Give again, unaltered, the lines of the listing below that run from the line having "Pack Bracelets Indomptables" through the line having "LEFTY Fender American".

• _Entries provided_:
- - - - -

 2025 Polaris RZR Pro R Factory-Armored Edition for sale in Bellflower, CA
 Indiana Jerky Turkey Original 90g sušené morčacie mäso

- - - - -

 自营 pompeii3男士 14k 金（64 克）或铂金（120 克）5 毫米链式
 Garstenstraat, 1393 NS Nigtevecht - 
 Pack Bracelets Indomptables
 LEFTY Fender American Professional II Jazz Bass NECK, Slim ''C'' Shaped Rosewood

- - - - -

• _Problem solution_:
 Pack Bracelets Indomptables
 LEFTY Fender American Professional II Jazz Bass NECK, Slim ''C'' Shaped Rosewood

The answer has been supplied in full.